* [Task objective]:
Pictures must not appear in the copy. Restate exactly the lines below from the one with "Document type is" through the one with "I could do the", inclusive.

--- Data in this exercise Enclosed Below ---

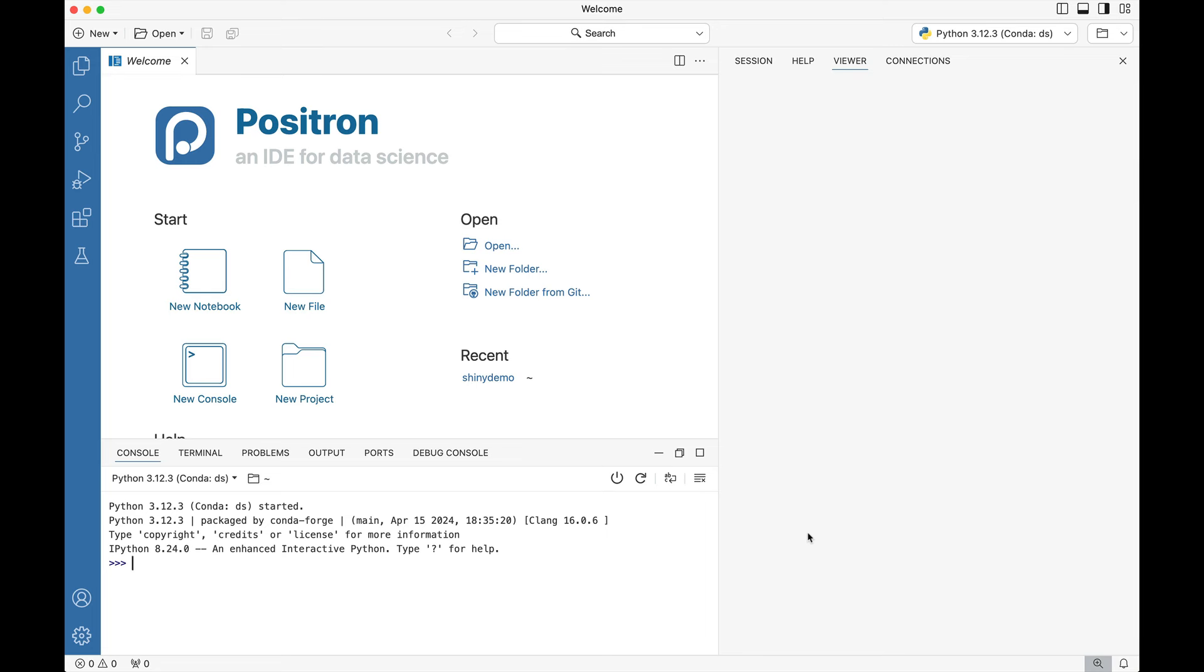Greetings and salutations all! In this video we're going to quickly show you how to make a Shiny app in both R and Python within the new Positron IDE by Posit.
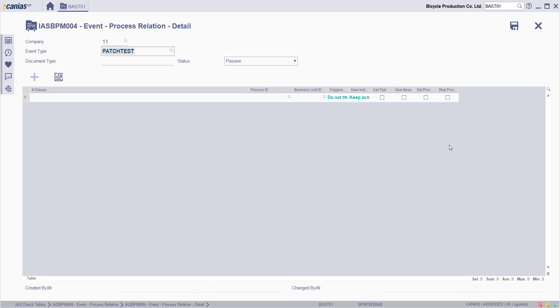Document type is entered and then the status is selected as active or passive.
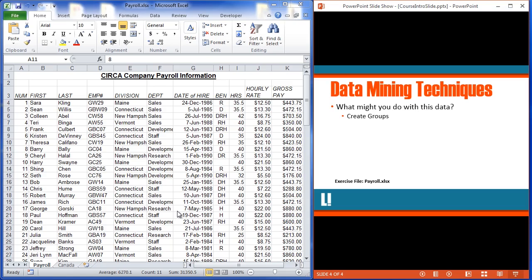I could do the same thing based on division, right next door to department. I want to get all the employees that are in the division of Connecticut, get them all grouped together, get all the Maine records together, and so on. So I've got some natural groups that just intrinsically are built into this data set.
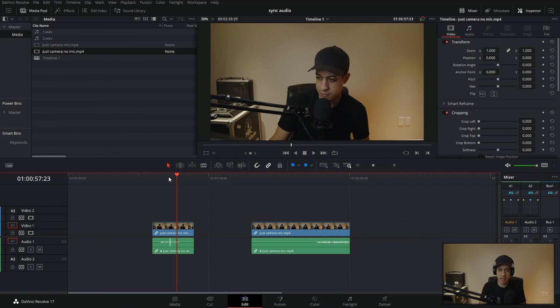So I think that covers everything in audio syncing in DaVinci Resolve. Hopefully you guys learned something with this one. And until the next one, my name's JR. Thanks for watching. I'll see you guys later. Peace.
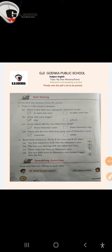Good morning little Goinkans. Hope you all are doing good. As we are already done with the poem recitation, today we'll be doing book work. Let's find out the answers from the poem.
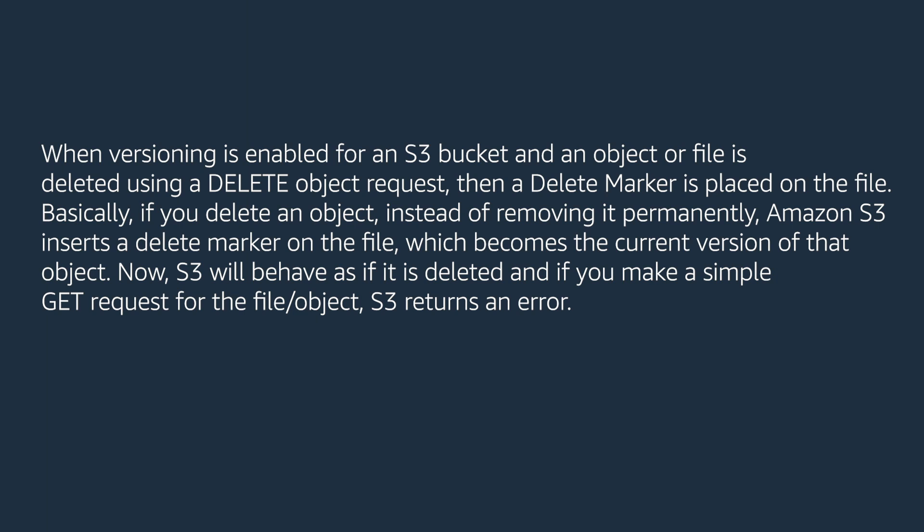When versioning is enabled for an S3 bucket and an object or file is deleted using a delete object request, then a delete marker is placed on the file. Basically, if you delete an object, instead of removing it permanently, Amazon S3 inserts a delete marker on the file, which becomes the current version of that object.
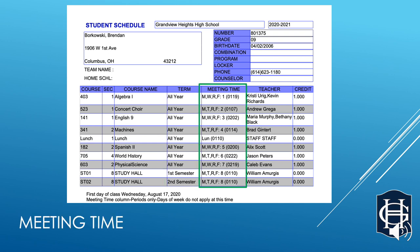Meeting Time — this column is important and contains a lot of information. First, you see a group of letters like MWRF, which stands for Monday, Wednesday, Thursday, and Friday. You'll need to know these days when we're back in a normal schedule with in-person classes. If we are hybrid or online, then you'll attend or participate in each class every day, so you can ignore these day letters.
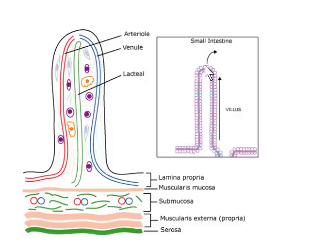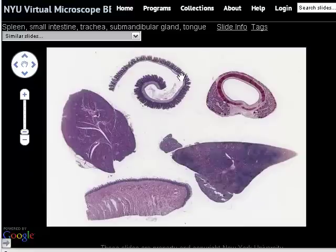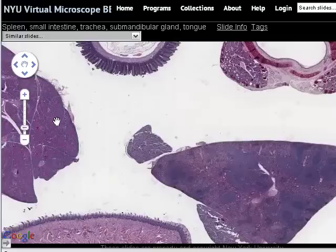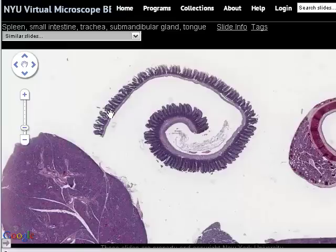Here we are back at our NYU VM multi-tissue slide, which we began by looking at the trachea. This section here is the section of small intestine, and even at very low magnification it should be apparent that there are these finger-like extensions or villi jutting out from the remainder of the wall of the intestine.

--- End of Enclosed Data in this exercise ---

* [Task response]:
Document type is entered and then the status is selected as active or passive.
I could do the same thing based on division, right next door to department. I want to get all the employees that are in the division of Connecticut, get them all grouped together, get all the Maine records together, and so on. So I've got some natural groups that just intrinsically are built into this data set.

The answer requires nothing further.